Wednesday, May 23, 2012

Tournament Week, What is That, That Time Again and My Two Cents!

Hello and welcome to "The Greenkeeper"! Today is May 23, 2012 and it is Member-Member week at Carolina Golf Club.  With the 3-day (54 hole) Member-Member Championship scheduled for this coming Memorial Day weekend it can only mean it is time for more rain!  I don't know why but recently (going back to last season) it seems the best way out of a dry period is to begin course preparations for one of our major tournaments.  Two weeks ago we received 2.25 inches rain during the week leading into the Member-Guest tournament and this morning I arrived to find just over 1 inch of rain in the gauge as storms moved north through Charlotte as most of us were probably getting ready for bed last night.  Of course there are storms in the forecast for this afternoon, evening and tomorrow too. 
Perhaps you have seen some of my staff members (assistant superintendent Shane Harrelson pictured using the Fieldscout TDR 300) walking the putting surfaces with a strange device in their hands recently and wondered what they are doing.  I acquired two soil moisture meters that are helping bring putting green management at Carolina into the 21st century.   Prior to now, knowing the
water requirements each putting surface needed to get through the day was based solely on experience and in some instances gut instinct.  Although still true today, now we are able to assign a value to those conditions where experience alone was all we had prior.  By monitoring the greens daily we can determine how wet they truly are after an irrigation or rain event and how quickly or slowly (depending on the weather) they begin to dry.  In other words, the tools allow us to quantify the minimum amount of soil moisture the plant needs to make it through the day without wilting.  Armed with this knowledge our irrigation practices (hand watering or overhead sprinklers) are more precise thus we use less water and our putting surfaces are even better than before!

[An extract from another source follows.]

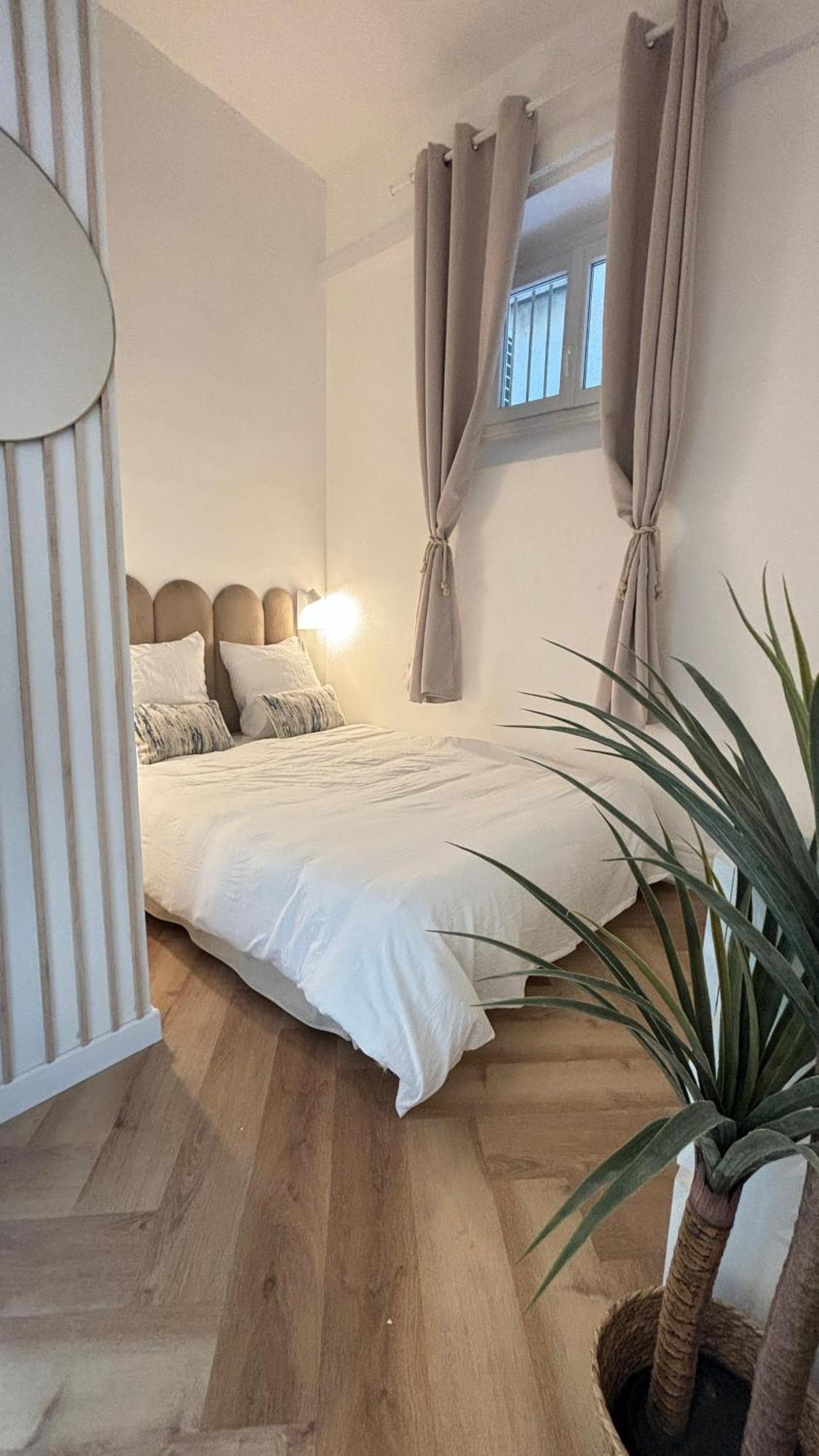 Appartement Haussmannien Gare Centre-Ville Clim Монпелие Екстериор снимка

Many or you already know but I wanted to give you a friendly reminder next week we will be aerating the putting greens.  This late spring/early summer aeration utilizes the smallest tine size available to us (half the diameter of the tines used in early spring and fall).  The purpose of this aeration is to create even more holes prior to the onset of summer conditions so we can maximize the amount of oxygen to the turf's roots for greater summer survival.  Also, not only will we be aerating the putting surfaces but this is the first of two scheduled aerations for the fairways (the other is mid-July).  Tees and roughs will be aerated upon the completion of the greens and fairways.  In other words, it is going to be a little "messy" out here (especially in the early morning dew) so please plan and schedule your golf accordingly.

On a final note, it was so nice last week to receive well wishes from many of you regarding both my tenure at Carolina as well as my opportunity to play our architect's masterpiece, Pinehurst No. 2!  Prior to the start of my round last Thursday morning I spoke with the starter and inquired how the modifications to the course had been received by most of the resort guests.  He told me it was 50/50 (either they loved it or hated it and there really wasn't any middle ground).  Having played the course I understand why because the lack of lush, emerald green rough is not pleasing to the eye of everyone however I am not a member of this demographic.

View of the 1st green (2nd hole in the background).

View of the 12th green complex.

The newly "recreated" sandy, waste areas give a totally different look to the golf course than most American golfers are accustomed to.  I found the "scruff" as I called it to be very playable and even the caddy in the group mentioned how it is easier for resort guests to find and advance the ball as opposed to before when their only option was to hit a wedge back in play.  Of course the scruffy areas contained wire grass, pine needles, pine cones and various weeds.  They will evolve with the seasons and mature over the next couple of years before the U.S. Open returns in 2014 making for a very interesting championship.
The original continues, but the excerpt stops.